• YOUR ASSIGNMENT: Make an exact copy of the lines from the one holding "Pu&ograve; includere: Una" through the end of the entries below, both ends kept, and of nothing else. Exclude pictures.

• DATASET EXTRACT:
▬▬▬▬▬▬▬▬▬▬

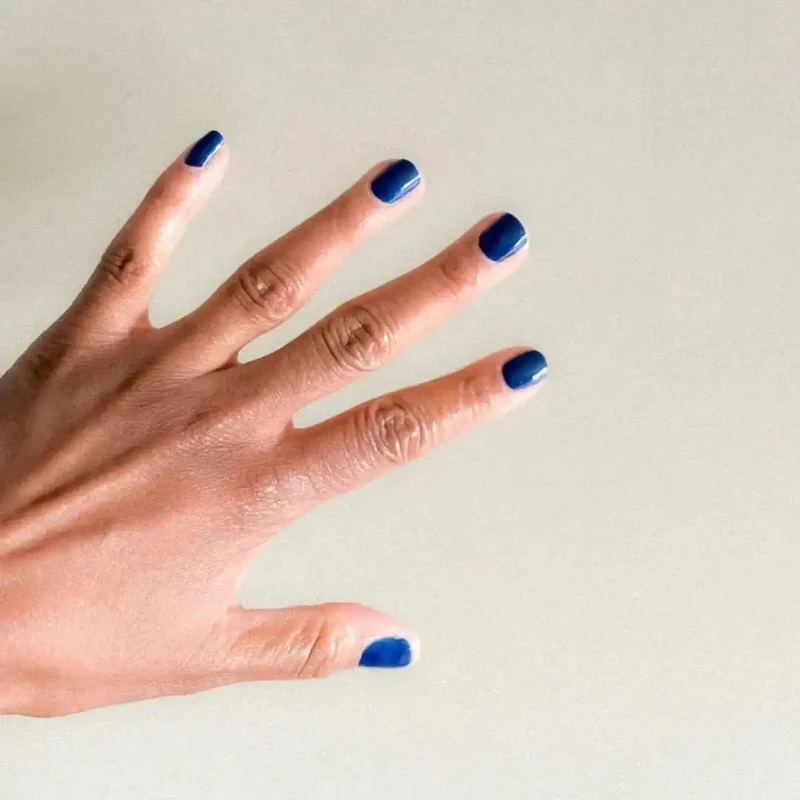 Vernis à ongles vegan bleu Marrakech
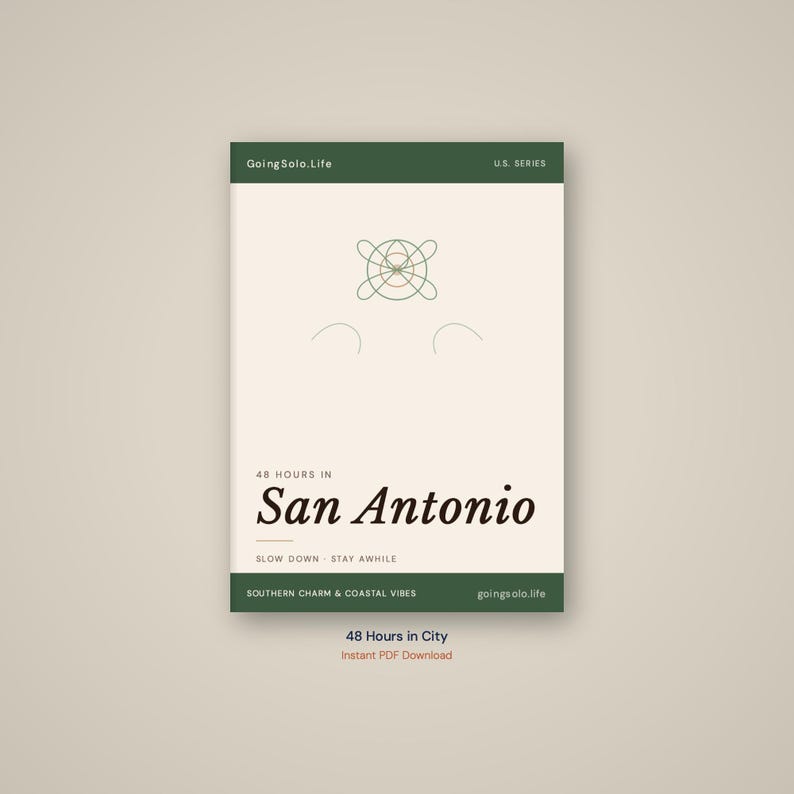 Pu&ograve; includere: Una guida rettangolare intitolata 48 Hours in San Antonio con sfondo color crema e bordi verde scuro. Presenta un sottile disegno geometrico a linee verdi, il testo GoingSolo.Life, U.S. SERIES, SLOW DOWN - STAY AWHILE e SOUTHERN CHARM & COASTAL VIBES.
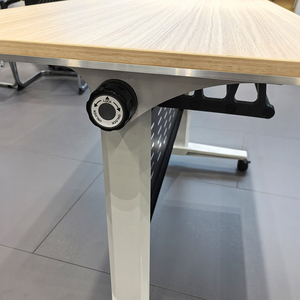 Bàn văn phòng có thể gập lại có thể điều chỉnh bàn hội nghị Gỗ Hiện Đại trường đào tạo phiên thương mại sử dụng bàn văn phòng mô-đun - Product Image 6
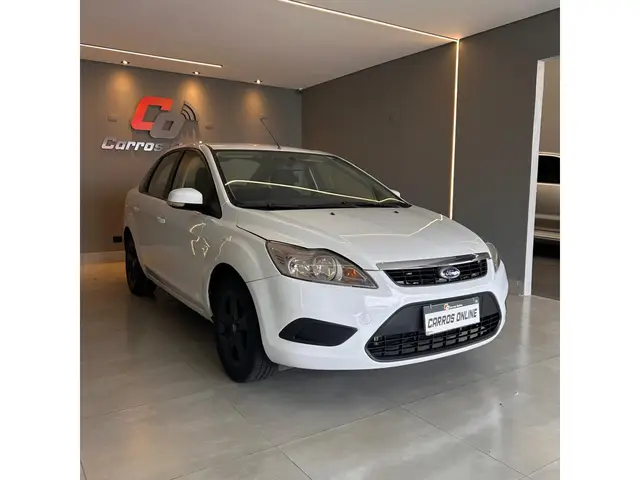 Carro Ford Focus Hatch 2011 Titanium 2.0 16V (Aut)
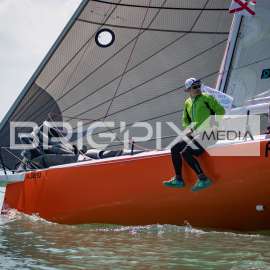 2szem_tokerulo - 2972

▬▬▬▬▬▬▬▬▬▬

• EXERCISE RESULT:
 Pu&ograve; includere: Una guida rettangolare intitolata 48 Hours in San Antonio con sfondo color crema e bordi verde scuro. Presenta un sottile disegno geometrico a linee verdi, il testo GoingSolo.Life, U.S. SERIES, SLOW DOWN - STAY AWHILE e SOUTHERN CHARM & COASTAL VIBES.
 Bàn văn phòng có thể gập lại có thể điều chỉnh bàn hội nghị Gỗ Hiện Đại trường đào tạo phiên thương mại sử dụng bàn văn phòng mô-đun - Product Image 6
 Carro Ford Focus Hatch 2011 Titanium 2.0 16V (Aut)
 2szem_tokerulo - 2972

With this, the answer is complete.